After round $k$ , the rank array correctly orders all suffixes by their first $2^{k}$ characters. Each round reuses the previous ranks: the sort key for suffix $i$ is the pair $(rank [i], rank [i + 2^{k - 1}])$ , which encodes $2^{k}$ characters in $O (1)$ .

This is why doubling works: two known halves of length $2^{k - 1}$ are combined into a single key of length $2^{k}$ with no extra character comparisons. The number of distinct ranks can only increase or stay the same each round, and once all $n$ ranks are unique the suffix array is complete.

  Prefix-doubling: how each round doubles the comparison window

  Round 0 (k=1): rank by first 1 character
  ┌───┐
  │ b │ a  n  a  n  a  $
  └───┘
  key = rank[i]

  Round 1 (k=2): rank by first 2 characters
  ┌───┬───┐
  │ b │ a │ n  a  n  a  $
  └───┴───┘
  key = (rank[i], rank[i+1])

  Round 2 (k=4): rank by first 4 characters
  ┌───┬───┬───┬───┐
  │ b │ a │ n │ a │ n  a  $
  └───┴───┴───┴───┘
  key = (rank[i], rank[i+2])  <- reuses round 1 ranks!

  Round 3 (k=8 > n): all suffixes fully compared. DONE.

  Each round: one sort of n pairs -> O(n log n)
  Total rounds: O(log n)  ->  O(n log² n) overall

What the Code Won't Teach You

$O (1)$ LCP queries require a sparse table. The LCP between sa[i] and sa[j] is $min (lcp [i + 1], \dots, lcp [j])$ -- a range minimum query. Without a sparse table (or segment tree), each LCP query costs $O (n)$ , making problems that need many pairwise LCP comparisons infeasible. The code builds SA + LCP but not the RMQ structure -- you need to know to add it yourself.

Kasai's $h \geq h_{prev} - 1$ property is non-obvious. The key to Kasai's $O (n)$ LCP construction: if suffix $i$ has LCP $h$ with its predecessor in sorted order, then suffix $i + 1$ has LCP $\geq h - 1$ . This holds because removing the first character from both suffixes reduces their LCP by exactly 1. Without this insight, Kasai's algorithm appears to be $O (n^{2})$ (two nested loops), but the amortized argument via $h$ only decreasing by 1 per step makes it linear.

The sentinel character is load-bearing, not cosmetic. Appending '$' ensures no suffix is a prefix of another. Without it, the ordering of "an" vs "ana" is ambiguous (depending on how you break ties for unequal-length strings), and the prefix-doubling construction produces wrong ranks in intermediate rounds.

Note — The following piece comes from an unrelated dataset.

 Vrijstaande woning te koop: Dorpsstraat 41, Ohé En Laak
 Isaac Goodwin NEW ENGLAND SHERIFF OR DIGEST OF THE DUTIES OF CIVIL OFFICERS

Every formula involving the LCP array assumes the sentinel exists -- removing it silently corrupts the distinct-substring count and longest-repeated-substring answers.

Think of the suffix array as a sorted phone book for substrings. Every substring of $s$ is a prefix of some suffix. Once suffixes are sorted, binary search finds any pattern in $O (m \log n)$ -- or $O (m + \log n)$ with LCP acceleration. The mental model is: you pre-sort all the "entries" once, then answer arbitrary lookup queries cheaply. This framing instantly tells you when SA is the right tool -- anytime you need to answer many independent substring queries against a fixed text, SA is essentially a precomputed index.

The "two strings" trick is more general than it looks. Concatenating two strings with a separator ( $s_{1} \cdot $ \cdot s_{2}$ ) and building one suffix array is the standard approach for longest common substring. But this extends naturally: concatenate $k$ strings with distinct separators, build one SA + LCP, then sweep the LCP array with a sliding window to find substrings common to at least $t$ of the $k$ strings. This "merge everything into one SA" pattern solves an entire class of multi-string problems that would be painful with other approaches.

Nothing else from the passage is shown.